The pdf of the Pareto distribution is $$\frac{\alpha{x_m}^\alpha}{x^{\alpha+1}}.$$
The scale parameter $x_m$ is \$545,000, the lowest salary last year. I estimated the shape parameter, $\alpha$, as 0.7848238 using MLE. This matters because when $\alpha<2,$ then the distribution has no variance. More properly, its variance is undefined. If any of your variables lacks a mean or a variance, then you cannot use anything that minimizes squared loss.
The distribution of the log of the variables does have a variance and so you can use least squares style methodologies on them. This is actually a serious omission from your textbook. Some things, like the stock market returns which have neither a mean nor a variance, or baseball salaries, which lack a variance will make OLS models meaningless. The log is not, inherently, the best treatment, but it does work.
Taking the log does not give you a bell shape.
This is entirely about being certain that all of your data has a variance.
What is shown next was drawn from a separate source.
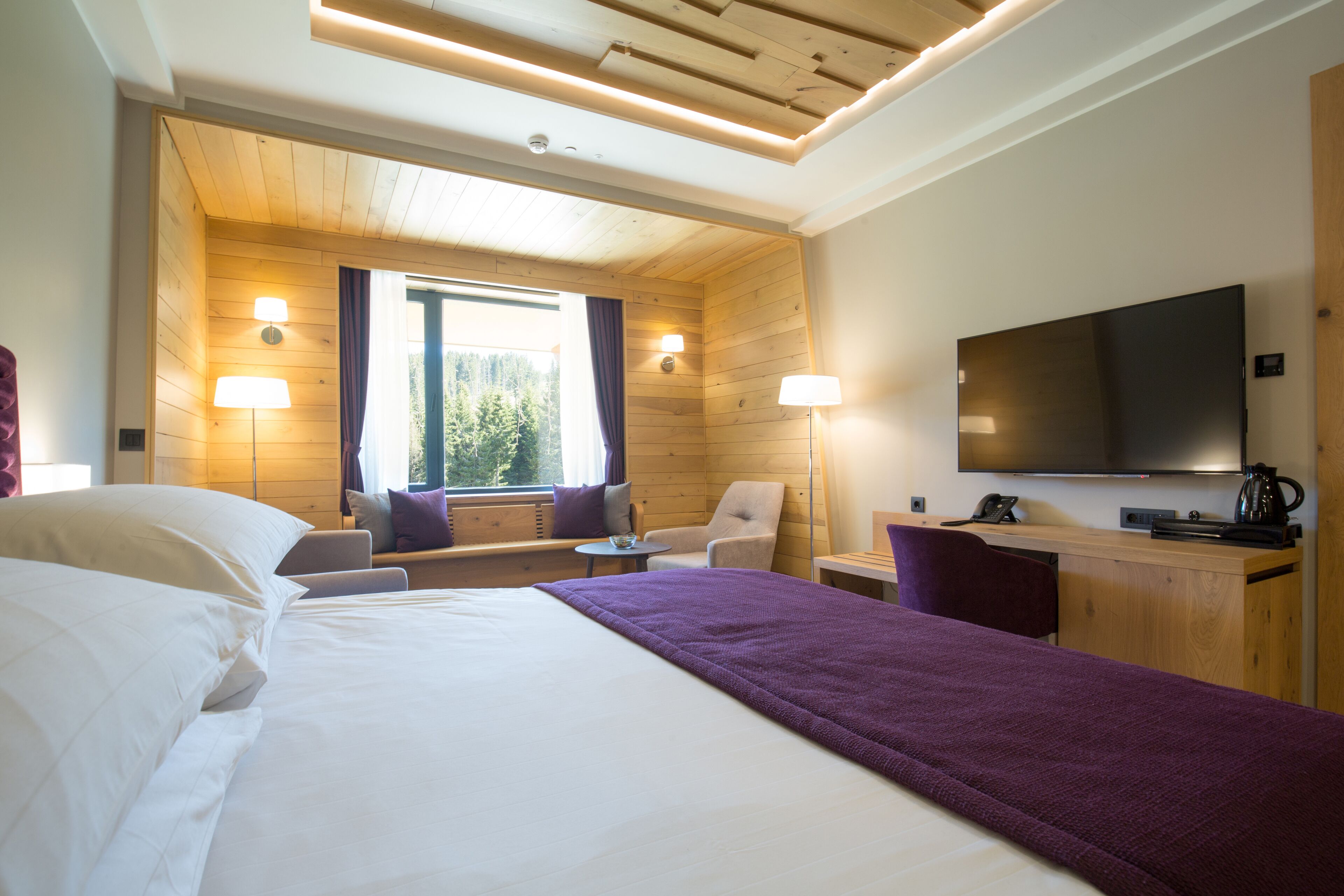 superior double or twin room | 1 bedroom, minibar, in-room safe, desk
If all of the assumptions for OLS are met, then the underlying distributions do not matter. They can be insane looking, but variance has to be defined everywhere.
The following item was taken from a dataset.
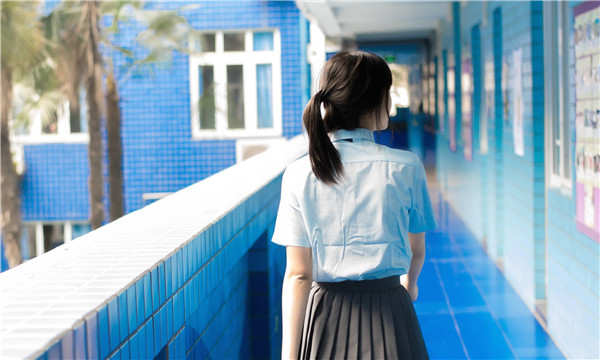 嘉黎如何找到一个可以帮助我生孩子的女人？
EDIT As Therkel pointed out in the comments when $\alpha<1$ then no mean exists either. There is a comment by Cliff AB that I should take up as well. He argues that the distribution is doubly bounded and so a finite variance and mean exist. I would disagree with that as an economist. It is true that there is only so much wealth in the world, but it is also true that we have no idea what it is. Furthermore, that wealth is changing every second of every day as people make individual choices.
The worker who does not pick that one apple reduces wealth if that apple is never picked and reduces available wealth regardless. An apple on a tree has no income value until it picked and processed. This makes the right-hand side constraint stochastic. For the purposes of baseball, the stochastic effect should be considered to be zero.
Baseball, as a percentage of world output, is so miniscule that you could ignore it. The same is true for American football, North American hockey, or for that matter, live stage theater for the whole United States.
The fact that you can model this data with a Pareto distribution means you have no mean or variance if the estimates are valid. If you take the log, you end up with finite variance. If you divide the data by its minimum value and take the logs, you end up with the exponential distribution, which is well enough behaved, but then you get interpretation problems.